黒大狼
こういう場面は苦手で、時間かかりました。
ウチの隣に横たわる白い狼。
口から舌をたらし、ピクリとも動かない。
その首元には先程までなかった、太い棒が生えている。
その姿は、毛色こそ違うけど黒大狼と外見はかなり似てる。
ただし、この白大狼の方が一回り大きな気がする。
酸欠からくる症状か、意識がボンヤリして考えがまとまらない。
なんで、白大狼は倒れてるんだっけ?
ウチが状況の変化に追いつけないでいると、ヌッとウチに影がさす。
見上げると、いつの間にかウチの横に人間離れした大きな男が立っていた。
その大男は、倒れたウチに見向きもせず、白大狼の喉あたりを踏みつけると、首元から突き出た木の棒を引き抜く。
抜いた場所から赤い液体がドプッドプッと溢れてきた。
大男は白大狼に背を向け、引き抜いた木の棒を、はじめに襲ってきた黒大狼の方へ向ける。

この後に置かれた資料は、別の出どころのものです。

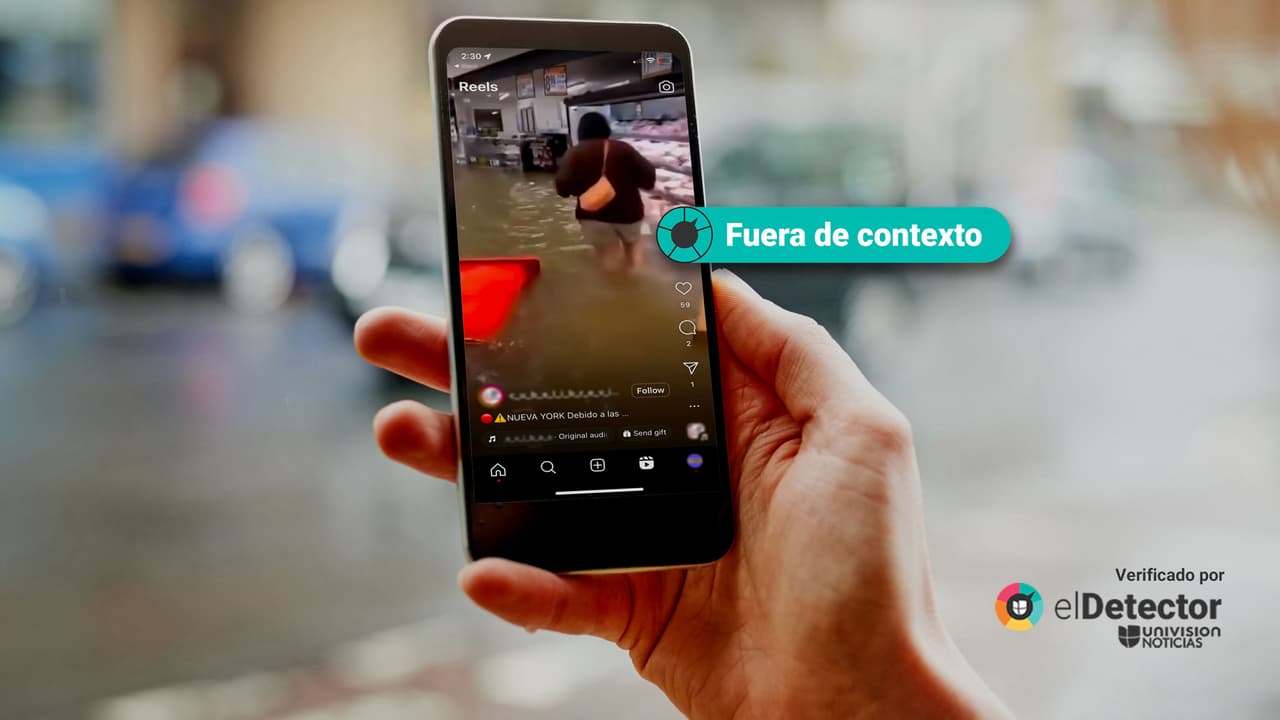 Esos videos de un supermercado y una estación de metro inundados no son de las recientes lluvias en Nueva York: están fuera de contexto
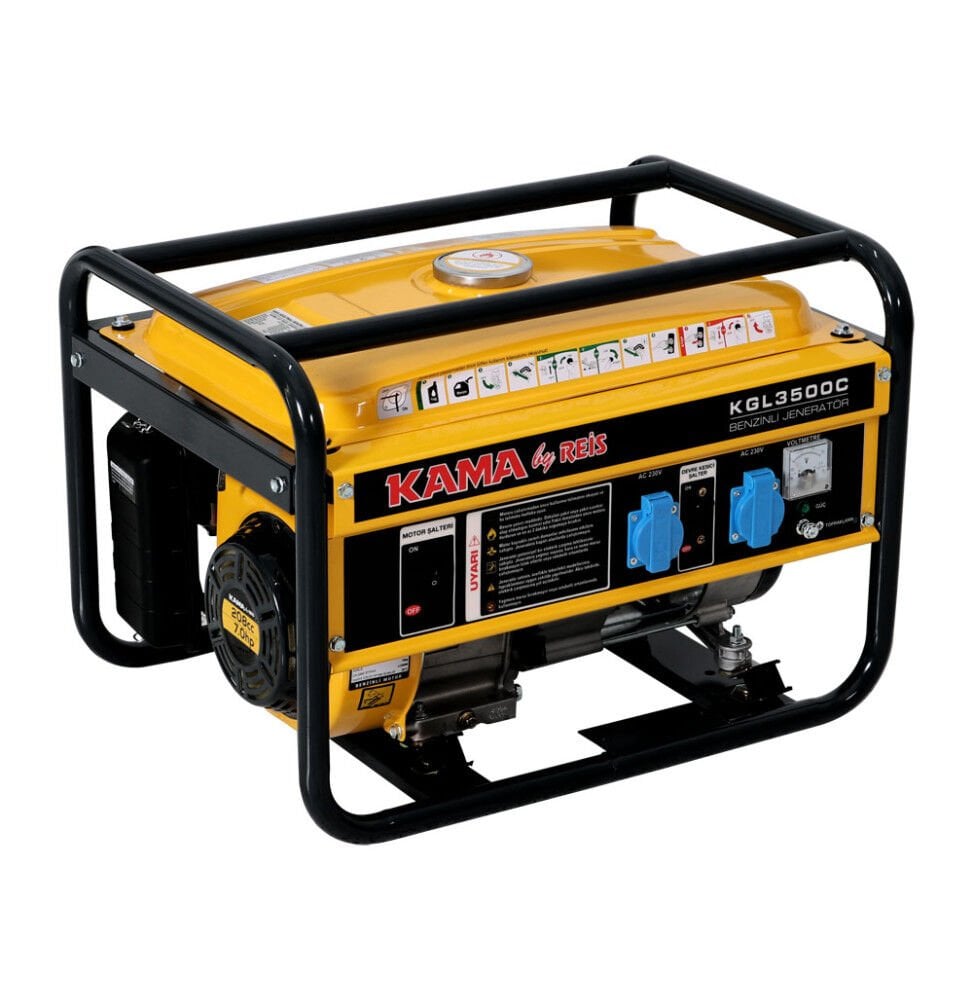 Kama KGL3500C Benzinli Jeneratör İp Çekmeli 2.8 kW/3.5 kVA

その先端は尖った石が取り付けられていて、赤い雫が滴っている。
ウチの身長くらい有りそうな石の槍だけど、大男がその倍はあるので短く見える。
その穂先を向けられた黒大狼は、いつの間にスプレーの効果が切れたのか、クシャミが止まっていた。
そして黒大狼は、涙で潤んだ緑の目で大男を睨みつけ、威嚇する様に低い唸り声を出す。
でも大男は石の槍を構え、そのまま動かない。
いつの間にかウチは蚊帳の外で、大男と黒大狼が睨み合ってる。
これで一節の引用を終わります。